Keywords

1 Introduction

Texture is the most fundamental information on which the majority of all living organisms base their visual cognition and is a key component of computer vision system [11]. Basically, all the digital images can be regarded as texture. Texture analysis has been applied to many visual problems such as material categorization, surface inspection, medical image analysis, object recognition, image segmentation, pedestrian detection, face analysis and so on.

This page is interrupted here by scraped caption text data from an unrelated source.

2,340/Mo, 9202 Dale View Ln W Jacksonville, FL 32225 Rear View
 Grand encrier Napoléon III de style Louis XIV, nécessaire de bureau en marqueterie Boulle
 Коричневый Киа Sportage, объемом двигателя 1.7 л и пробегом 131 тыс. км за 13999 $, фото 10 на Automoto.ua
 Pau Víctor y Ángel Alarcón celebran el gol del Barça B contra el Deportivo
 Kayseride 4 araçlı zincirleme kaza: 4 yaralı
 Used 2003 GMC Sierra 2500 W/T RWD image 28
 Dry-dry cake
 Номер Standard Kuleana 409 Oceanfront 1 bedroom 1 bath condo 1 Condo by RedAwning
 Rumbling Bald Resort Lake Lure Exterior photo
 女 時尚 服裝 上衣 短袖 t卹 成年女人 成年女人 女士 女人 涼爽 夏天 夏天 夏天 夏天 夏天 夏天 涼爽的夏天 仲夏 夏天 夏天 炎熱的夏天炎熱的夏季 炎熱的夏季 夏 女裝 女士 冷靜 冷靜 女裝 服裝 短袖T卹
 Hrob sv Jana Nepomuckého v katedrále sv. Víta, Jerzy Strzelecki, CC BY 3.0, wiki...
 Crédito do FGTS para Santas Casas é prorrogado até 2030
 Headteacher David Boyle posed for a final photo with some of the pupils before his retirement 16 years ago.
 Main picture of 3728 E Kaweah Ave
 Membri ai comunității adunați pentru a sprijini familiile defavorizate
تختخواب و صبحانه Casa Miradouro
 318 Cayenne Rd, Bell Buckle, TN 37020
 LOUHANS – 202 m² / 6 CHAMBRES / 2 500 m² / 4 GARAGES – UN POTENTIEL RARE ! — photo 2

Over the years, lots of texture descriptors have been proposed [12, 20, 22, 28]. Among these descriptors, local patterns have achieved good performance in most texture applications [3, 15, 18]. In particular, LBP is an efficient descriptor for describing local structures [18]. LBP descriptors have already demonstrated powerful discriminative capability, low computational complexity, and low sensitivity to illumination variation. For further improving the discrimination of LBP, a large number of LBP variants have been proposed [14]. Most of these changes make efforts on the following three directions.

First is to utilize different forms of information from the original textures. Guo et al. proposed Complete LBP which utilized the sign and magnitude information of local neighborhood in the descriptor [9]. Some other methods concentrate on the local derivative information respected to a local region, such as LDP [30], CLDP [29], LDDP [8], POEM [27] and so on. Second is rotation invariance, which is an important topic in texture classification. Many methods have been proposed to achieve rotation invariance, such as SRP [13, 24], SIFT [15] and so on. Third is feature selection. The exponential increasing in the number of features with the patch size is a limitation for the traditional LBP. The uniform LBP descriptor proposed by Ojala et al. [18] is the first attempt to solve this problem.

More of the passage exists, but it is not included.